A customer of ours recently told us about their use-case for extending the AppFirst collector to support the data center team. Ops was already using AppFirst’s platform to collect, aggregate and correlate massive amounts of application & operations data for monitoring & troubleshooting. However, there was glaring concern about how long it would take the data center guys (and gals) to log into their own system and check the current status and history of their hardware data.
In turn, they extended the AppFirst collector to capture IPMI sensor data to monitor the environmental trends of their physical hardware. Taken together they were able to see key metrics from the physical hardware all the way up to business performance.

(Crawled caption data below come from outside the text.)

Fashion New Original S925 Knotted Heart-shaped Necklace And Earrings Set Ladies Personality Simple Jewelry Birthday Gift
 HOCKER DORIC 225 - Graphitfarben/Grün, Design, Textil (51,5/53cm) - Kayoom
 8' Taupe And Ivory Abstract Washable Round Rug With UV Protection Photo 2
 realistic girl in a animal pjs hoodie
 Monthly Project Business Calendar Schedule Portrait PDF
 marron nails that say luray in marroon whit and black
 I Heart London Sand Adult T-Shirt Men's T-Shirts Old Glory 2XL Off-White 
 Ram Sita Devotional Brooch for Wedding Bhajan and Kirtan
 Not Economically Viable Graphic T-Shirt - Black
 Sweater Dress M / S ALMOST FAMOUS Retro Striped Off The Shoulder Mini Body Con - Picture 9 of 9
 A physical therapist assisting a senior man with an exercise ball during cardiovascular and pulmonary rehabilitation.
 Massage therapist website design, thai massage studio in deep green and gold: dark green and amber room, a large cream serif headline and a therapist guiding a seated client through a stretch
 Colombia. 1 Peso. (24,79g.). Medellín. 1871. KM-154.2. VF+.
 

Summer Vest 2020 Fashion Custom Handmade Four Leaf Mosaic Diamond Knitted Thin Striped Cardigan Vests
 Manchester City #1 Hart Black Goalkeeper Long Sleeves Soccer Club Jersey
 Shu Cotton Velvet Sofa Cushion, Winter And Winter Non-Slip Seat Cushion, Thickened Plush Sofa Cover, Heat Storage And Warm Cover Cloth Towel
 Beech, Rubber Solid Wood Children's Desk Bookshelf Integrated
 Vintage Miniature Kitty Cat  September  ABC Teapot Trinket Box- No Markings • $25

Specifically, the data center team needed to track a few key metrics and analyze performance over time to see if there is a trend towards downward failure.
Fans: Are the system’s fans about to fail, working too hard or experiencing degradation?
Temperature: Is the system temperature anything but stable?
Voltage: Has a power supply gone bad? Specifically, the Power Good signal, which prevents a computer from attempting to operate on improper voltages and damaging itself by alerting it to improper power supply(1).
How to get started
First, a little background. AppFirst’s collector supports the ingestion of multiple types of additional data: logs, statsd and polled data. Polled data can include scripts with a nagios output format to collect data from APIs, management interfaces, SNMP, IPMI or any other source of data available.
Collecting IPMI Data
AppFirst supports server hardware equipped with a BMC controller, with a variety of hardware sensor data that can be monitored using the IPMI standard. IPMI sensor data can be gathered in-band (through the host O/S), or out-of-band (through a dedicated lan connection independent of the system processor and host O/S). A free tool, FreeIPMI, is available to examine IPMI data, and AppFirst has written a series scripts that allow you to take advantage of AppFirst’s big-data store and visualization tools to easily monitor this data.
Here is an example that uses in-band communications (but out-of-band works also). You can do this two ways.
With polled data:
With log data:
To run either method you will need to install FreeIPMI and OpenIPMI on your system.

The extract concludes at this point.